Les sociétés qui envisagent un IPO peuvent entrer, par notre intermédiaire, en contact avec des investisseurs clé. Ce concept me parait particulièrement important dans la mesure où il fournit une visibilité à des entreprises peu connues et les forme à affronter les marchés de capitaux.

L'autre directeur général adjoint de l'AIX
est Sam Yan du Shanghai Stock Exchange.
Quels montants représentent les investisseurs kazakhs?

Au total, les placements devraient se monter à près de 200 milliards de dollars. Notre fonds souverain compte pour environ 66 milliards de dollars. En y ajoutant les fonds de pension nationaux, les placements se montent à 100 milliards de dollars. Il faut encore y adjoindre 25 milliards déposés par les entreprises auprès des banques, 25 milliards d’épargne privée et 30 milliards de réserves de change. En outre, nous attendons les investisseurs chinois dans le cadre de l'initiative chinoise «Belt and Road» ainsi que les fonds des banques d’investissement en infrastructure asiatiques.
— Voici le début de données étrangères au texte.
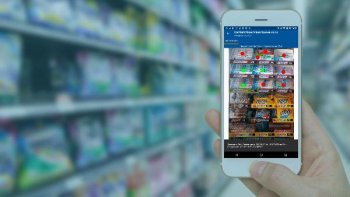 Вебинар «Мгновенное распознавание фото полок на мобильном устройстве без интернета. Как получить рекомендации по планограмме за 5 секунд и повысить KPI работы с точкой» Вебинар «Мгновенное распознавание фото полок на мобильном устройстве без интернета. Как получить рекомендации по планограмме за 5 секунд и повысить KPI работы с точкой»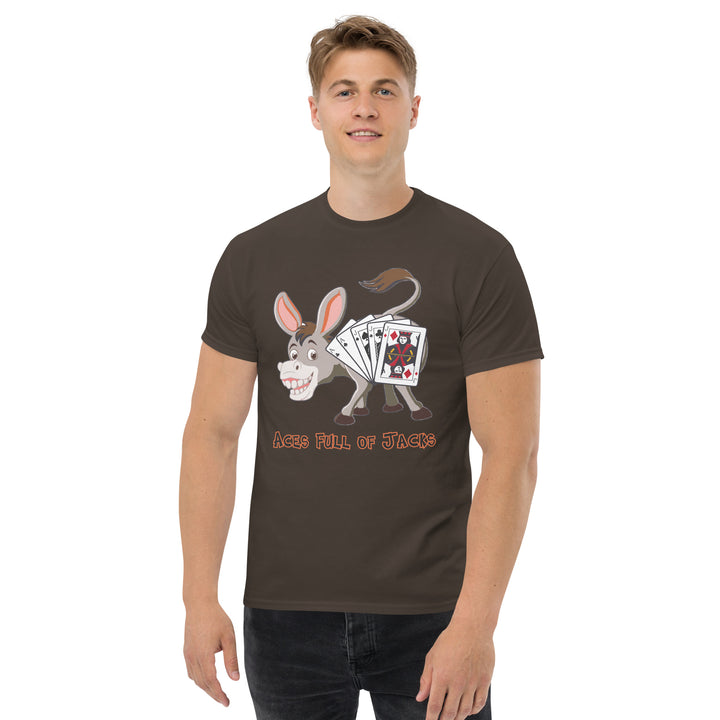 Aces full of Jacks Donkey T Shirt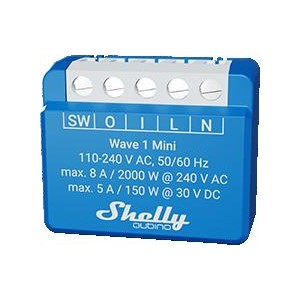 Shelly Qubino Wave 1 Mini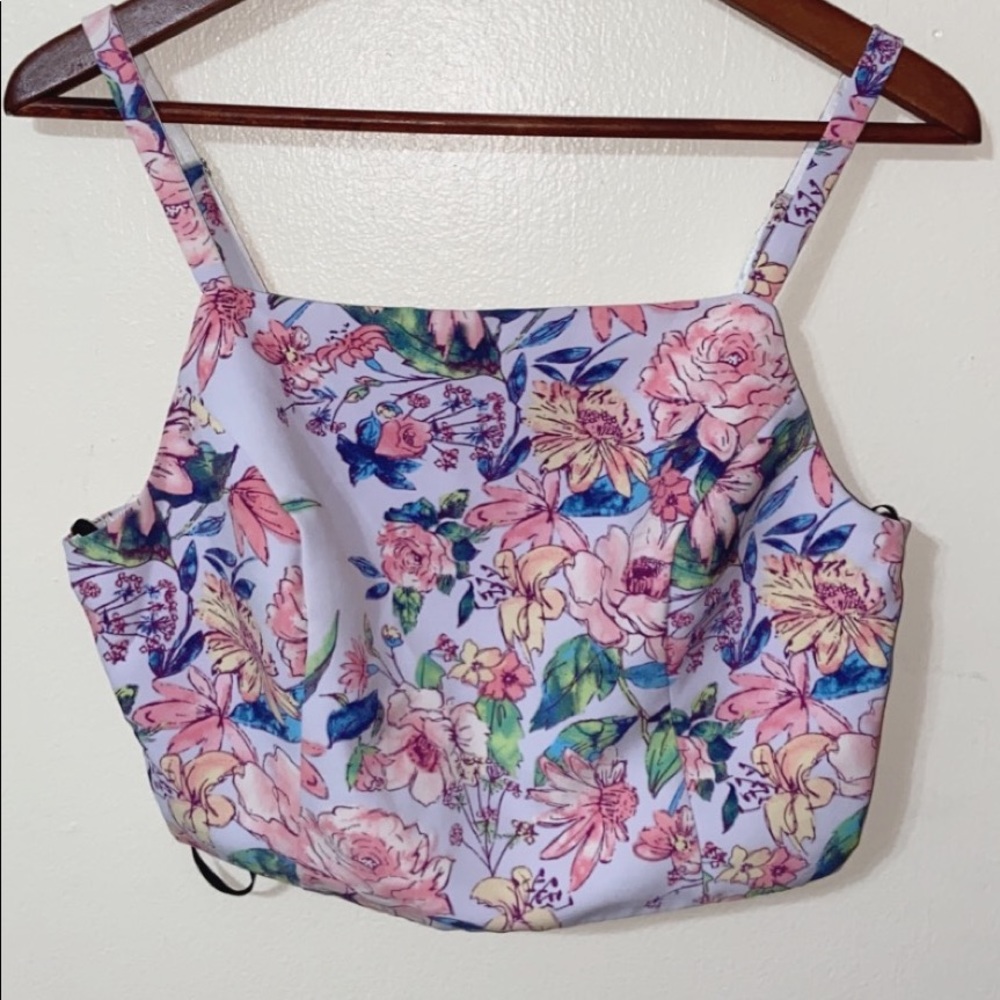 Floral top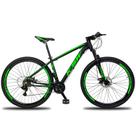 Bicicleta KSW XLT100 Aro 29 Alumínio 24v Freio Disco e Suspensão MTB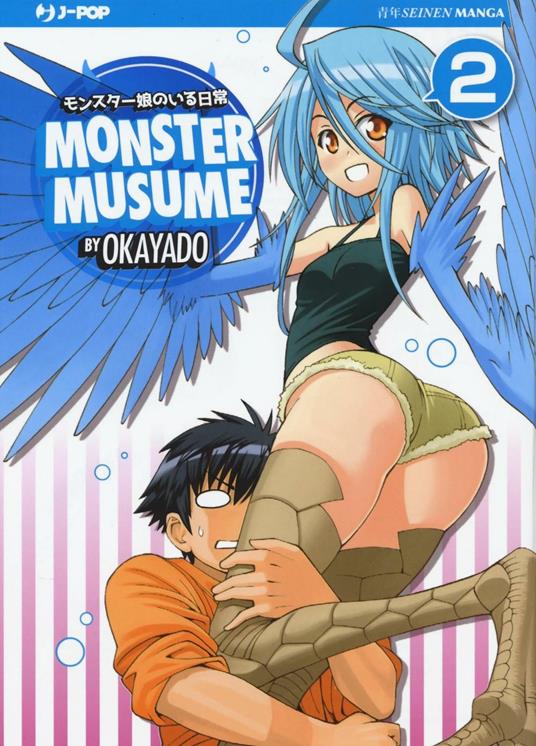 Monster Musume. Vol. 2
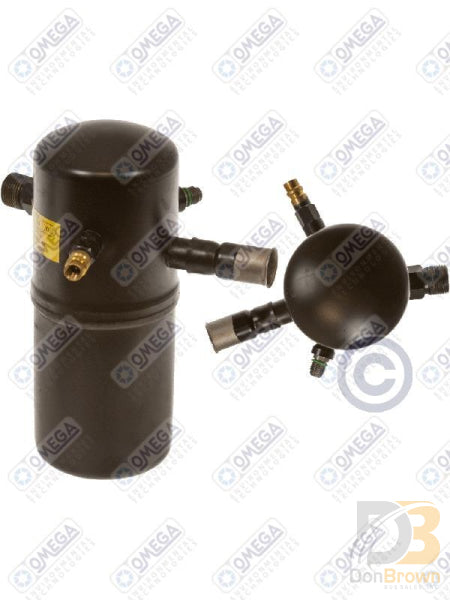 Accumulator Crown Vic Grand Marq 98-02 W/o Suct Hose 37-23511 Air Conditioning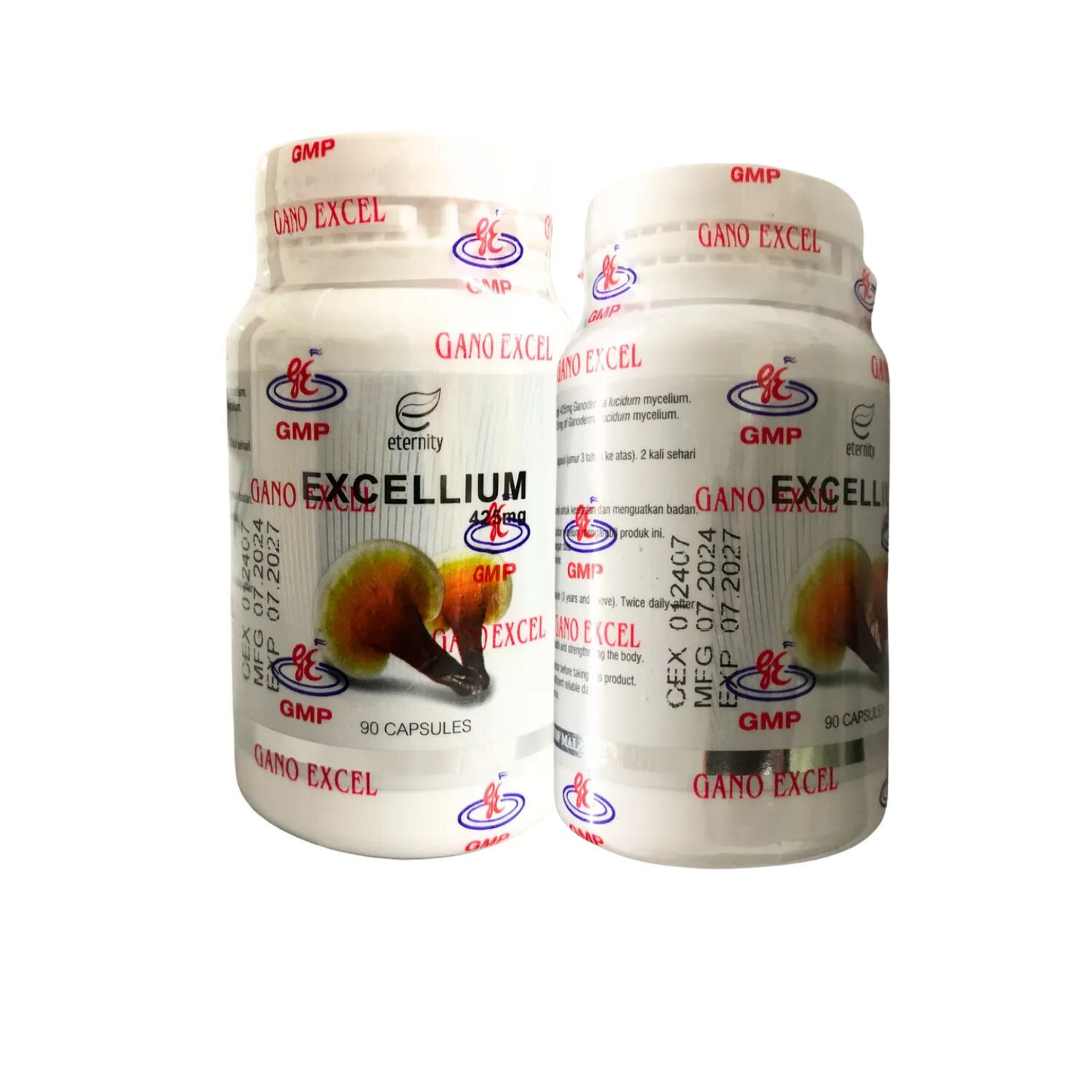 Gano Excel Excellium Mycellium 90 Capsules Ganoderma Lucidum Body Immunity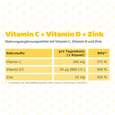 R(h)ein Nutrition Vitamin C + D3 + Zink Immunsystem Ultra Kapseln, A-Nr.: 5987270 - 08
Est-ce dans le cadre de la «Belt and Road» que l’AIX est entré en partenariat avec le Shanghai Stock Exchange?

C’est effectivement le cas. D’ailleurs, mon homologue, co-directeur général adjoint de l’AIX, est Sam Yan du Shanghai Stock Exchange. L’AIX est donc dirigé par un CEO à l’expérience internationale, le néo-zélandais Tim Bennett, ancien directeur du NZX, par une Kazakhe et par un Chinois. Outre ses fonctions à l’AIX, Sam Yan sera en charge du département « Route de la Soie » et de toutes les cotations qui naitrons des sociétés nées de l’initiative.

Où en est le programme de privatisation  sur lequel vous comptez pour lancer l’AIX?

Je n’ai pas de point d’avancement exact mais il faut savoir que six sociétés seulement représentent 90% du total de ces privatisations dont la valorisation est grossièrement estimée à 25 milliards de dollars. La compagnie pétrolière à elle seule en vaut environ 20 milliards, une estimation fluctuant avec le cours du pétrole.

Nous travaillons sur un sous-segment dédié
aux entreprises minières sur le modèle canadien.
Le Kazakhstan étant principalement un producteur de minerai et d’énergie, avez-vous songé à offrir des facilités aux entreprises minières sur le modèle du TSX canadien?

Oui, nous travaillons sur un sous-segment dédié aux entreprises minières sur le modèle canadien mais, contrairement au TSX, nous ne voulons pas réserver les avantages aux start-ups. Toutes les compagnies minières pourront en bénéficier. Notez à ce propos que le Kazakhstan a mis en œuvre une réforme de son code minier, en ligne avec les standards du CRIRSCO.

De manière plus générale, quels seront les avantages consentis aux sociétés qui coterons sur votre plateforme?

Elles ne paieront pas d’impôt sur les plus-values, ni sur les revenus d’intérêt, ni non plus sur les dividendes pendant 50 ans.

Le Kazakhstan souffre-t-il de la hausse des taux US?

Comme tous les pays émergents. Ceci dit c’est surtout le prix du pétrole qui gouverne le tenge et les investissements au Kazakhstan puisque 40% de notre PIB découle directement du pétrole (60% en comptant les industries associées).